The report notes that Georgia does not have an independent effective mechanism for investigating crimes committed by law enforcement officials. ‘In July, the Georgian Young Lawyers’ Association (GYLA), a leading human rights group, published a report analyzing 22 cases they litigated in the past two years concerning alleged torture and ill-treatment by law enforcement officials. GYLA concluded that in most cases the investigations were ineffective. In several cases, officials retaliated against the victims who had filed complaints by pressing administrative and criminal proceedings against them’, the report reads.
LGBTIQ rights remained a heavily politicised issue in 2016. ‘In August, President Giorgi Margvelashvili blocked a referendum bid on defining marriage as a union of a man and a woman, saying that the issue is already covered in the civil code. Prime Minister Giorgi Kvirikashvili vowed to pursue a constitutional definition of marriage after the October elections, arguing that this would help counter alleged Western efforts to spread same-sex marriage “propaganda” in Georgia. Local rights groups feared this effort would further marginalize the LGBT community and intensify anti-LGBT prejudice’, the report reads.
In the chapter dedicated to Russia, the authors noted that harassment of Salafi Muslim communities remained a problem. The state of human rights in Chechnya have also deteriorated, including the arrest of Caucasian Knot’s journalist, Zhalavdi Geriyev.

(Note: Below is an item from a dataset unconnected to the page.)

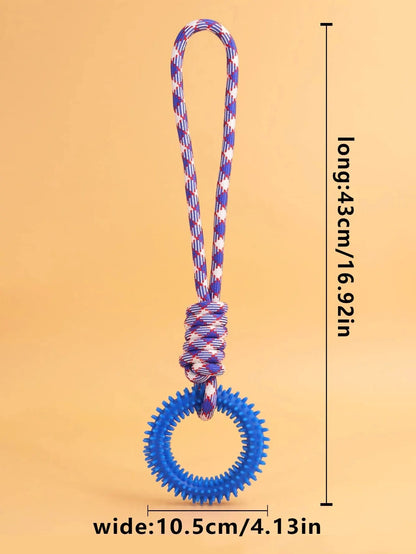 Dog Tug Toy - Teeth Cleaning Ring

‘Armed confrontations between Islamist insurgents and law enforcement agencies continued in the North Caucasus, particularly in Dagestan. Russia media continued to report on North Caucasus residents leaving Russia and joining the Islamic State (also known as ISIS) as well as on cases of detentions of North Caucasus residents allegedly affiliated with ISIS. Salafi Muslim communities in Dagestan were subject to intense scrutiny and harassment as law enforcement largely equated them with insurgents or their collaborators. Authorities placed Salafis on watch lists, repeatedly detained and questioned many of them without specific grounds; raided Salafi mosques; and carried out mass detentions of believers. They closed several Salafi mosques, including in Makhachkala, Dagestan’s capital. Chechnya’s strongman, Ramzan Kadyrov, asserted that Salafis have no place in Chechnya, instructing police to punish those who stray from Sufi Islam, traditional for the region. Police raids against Salafis were widespread. Authorities also pursued collective punishment, including punitive house burnings, against relatives of alleged insurgents’, the report reads.

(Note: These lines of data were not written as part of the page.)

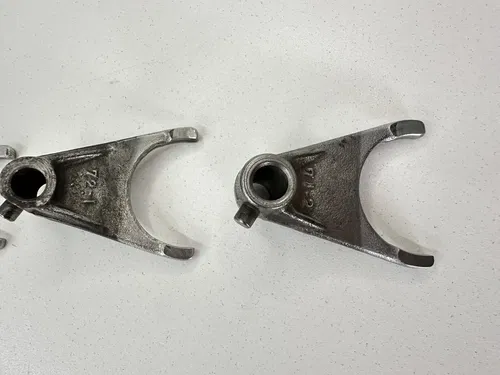USED OEM 1986 96 KAWASAKI KX250 KX 250 GEAR SHIFT DRUM CAM & FORKS ASSY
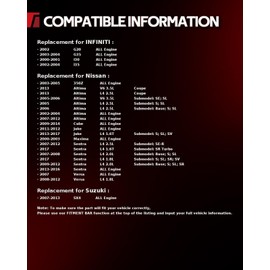 Torchbeam Front Disc Ceramic Brake Pads Kit Fits2002-2004 2007-2012 Altima, 2013-2016 Sentra, 2007-2012 Sentra 2.0L, 2008-2012 Versa 1.8L,4pcs Automotive Replacement Brake Pads,D815A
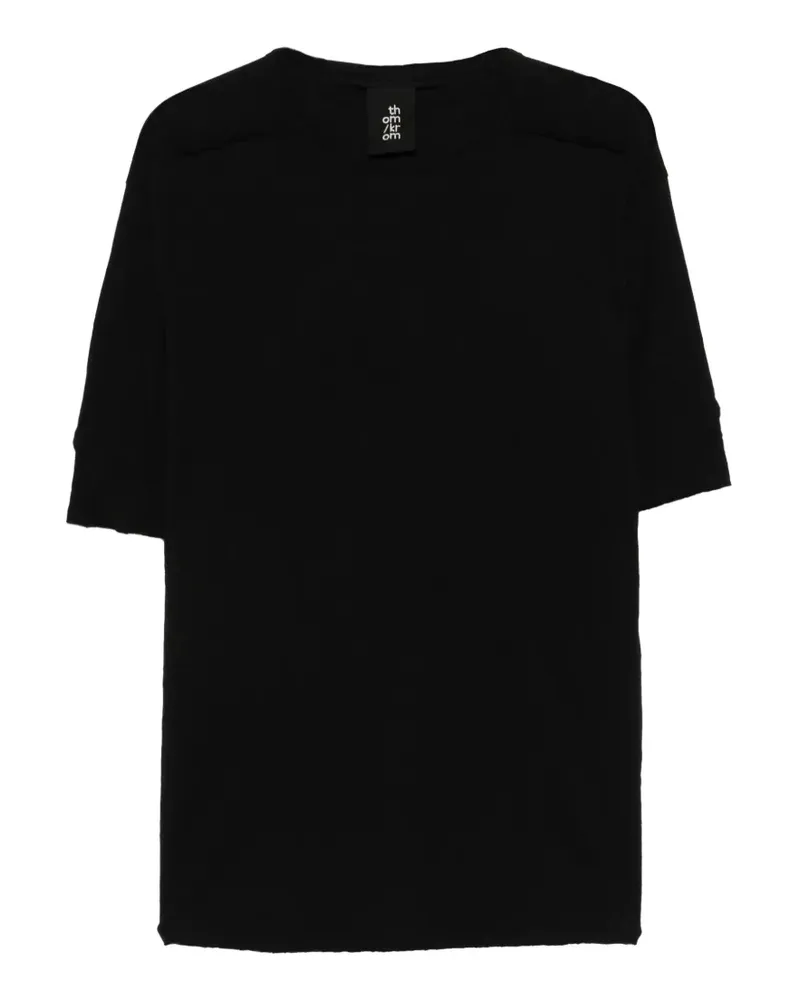 THOM KROM crew-neck T-shirt - Schwarz Schwarz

According to the report, ‘Ahead of September elections for the head (governor) of Chechnya, local authorities targeted critics and those deemed disloyal to Kadyrov, including through abductions and enforced disappearances, ill-treatment, death threats, and threats of violence against relatives. Chechnya’s authorities also attacked critical journalists and human rights defenders. In March, a group of masked men believed to be Chechen officials’ proxies, attacked a minibus carrying Russian and foreign journalists traveling to Chechnya, beat the journalists, and burned the bus. The following week, thugs apparently acting as Chechen authorities’ proxies physically attacked the leader of Joint Mobile Group for Human Rights Defenders in Chechnya (JMG). JMG withdrew its team from Chechnya for security reasons. In May, Chechen police arbitrarily detained and threatened a Russian journalist researching a punitive house-burning. In September, following an unfair trial, a Chechnya court sentenced 23-year-old local journalist Zhalaudi Geriev to three years’ imprisonment on fabricated drug possession charges, apparently in retaliation for his work with Caucasian Knot, known for critical coverage of Chechnya.’